## Data for this exercise
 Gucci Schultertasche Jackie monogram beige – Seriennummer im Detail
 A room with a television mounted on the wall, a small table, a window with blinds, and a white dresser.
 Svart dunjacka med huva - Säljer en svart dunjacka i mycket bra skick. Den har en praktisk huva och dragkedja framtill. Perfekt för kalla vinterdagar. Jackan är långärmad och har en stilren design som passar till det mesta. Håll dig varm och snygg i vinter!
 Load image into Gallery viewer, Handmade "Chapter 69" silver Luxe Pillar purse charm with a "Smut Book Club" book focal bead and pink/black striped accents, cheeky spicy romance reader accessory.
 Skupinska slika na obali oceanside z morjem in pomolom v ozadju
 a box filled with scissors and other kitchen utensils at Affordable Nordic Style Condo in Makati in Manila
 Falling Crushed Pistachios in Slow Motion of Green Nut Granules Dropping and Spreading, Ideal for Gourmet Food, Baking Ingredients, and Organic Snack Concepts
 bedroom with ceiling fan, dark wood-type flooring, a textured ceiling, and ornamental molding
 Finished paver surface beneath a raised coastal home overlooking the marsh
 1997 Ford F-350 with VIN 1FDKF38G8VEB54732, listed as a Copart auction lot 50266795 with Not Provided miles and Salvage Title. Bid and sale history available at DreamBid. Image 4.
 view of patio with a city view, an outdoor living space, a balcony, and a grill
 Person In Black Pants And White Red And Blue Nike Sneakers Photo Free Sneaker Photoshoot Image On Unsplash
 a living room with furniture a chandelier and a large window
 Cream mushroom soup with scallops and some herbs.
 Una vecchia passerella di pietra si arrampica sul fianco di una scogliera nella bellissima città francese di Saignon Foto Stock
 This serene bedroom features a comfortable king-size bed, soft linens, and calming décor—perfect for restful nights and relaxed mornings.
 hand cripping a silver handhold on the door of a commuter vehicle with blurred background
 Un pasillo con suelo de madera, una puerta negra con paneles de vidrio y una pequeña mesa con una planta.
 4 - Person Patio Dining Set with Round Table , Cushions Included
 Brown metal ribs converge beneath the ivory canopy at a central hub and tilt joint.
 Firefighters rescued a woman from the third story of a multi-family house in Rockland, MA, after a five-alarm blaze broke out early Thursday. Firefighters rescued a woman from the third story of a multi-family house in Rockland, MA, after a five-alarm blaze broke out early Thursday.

## Exercise instructions
Make an exact copy of the data above.

## Response to this exercise
 Gucci Schultertasche Jackie monogram beige – Seriennummer im Detail
 A room with a television mounted on the wall, a small table, a window with blinds, and a white dresser.
 Svart dunjacka med huva - Säljer en svart dunjacka i mycket bra skick. Den har en praktisk huva och dragkedja framtill. Perfekt för kalla vinterdagar. Jackan är långärmad och har en stilren design som passar till det mesta. Håll dig varm och snygg i vinter!
 Load image into Gallery viewer, Handmade "Chapter 69" silver Luxe Pillar purse charm with a "Smut Book Club" book focal bead and pink/black striped accents, cheeky spicy romance reader accessory.
 Skupinska slika na obali oceanside z morjem in pomolom v ozadju
 a box filled with scissors and other kitchen utensils at Affordable Nordic Style Condo in Makati in Manila
 Falling Crushed Pistachios in Slow Motion of Green Nut Granules Dropping and Spreading, Ideal for Gourmet Food, Baking Ingredients, and Organic Snack Concepts
 bedroom with ceiling fan, dark wood-type flooring, a textured ceiling, and ornamental molding
 Finished paver surface beneath a raised coastal home overlooking the marsh
 1997 Ford F-350 with VIN 1FDKF38G8VEB54732, listed as a Copart auction lot 50266795 with Not Provided miles and Salvage Title. Bid and sale history available at DreamBid. Image 4.
 view of patio with a city view, an outdoor living space, a balcony, and a grill
 Person In Black Pants And White Red And Blue Nike Sneakers Photo Free Sneaker Photoshoot Image On Unsplash
 a living room with furniture a chandelier and a large window
 Cream mushroom soup with scallops and some herbs.
 Una vecchia passerella di pietra si arrampica sul fianco di una scogliera nella bellissima città francese di Saignon Foto Stock
 This serene bedroom features a comfortable king-size bed, soft linens, and calming décor—perfect for restful nights and relaxed mornings.
 hand cripping a silver handhold on the door of a commuter vehicle with blurred background
 Un pasillo con suelo de madera, una puerta negra con paneles de vidrio y una pequeña mesa con una planta.
 4 - Person Patio Dining Set with Round Table , Cushions Included
 Brown metal ribs converge beneath the ivory canopy at a central hub and tilt joint.
 Firefighters rescued a woman from the third story of a multi-family house in Rockland, MA, after a five-alarm blaze broke out early Thursday. Firefighters rescued a woman from the third story of a multi-family house in Rockland, MA, after a five-alarm blaze broke out early Thursday.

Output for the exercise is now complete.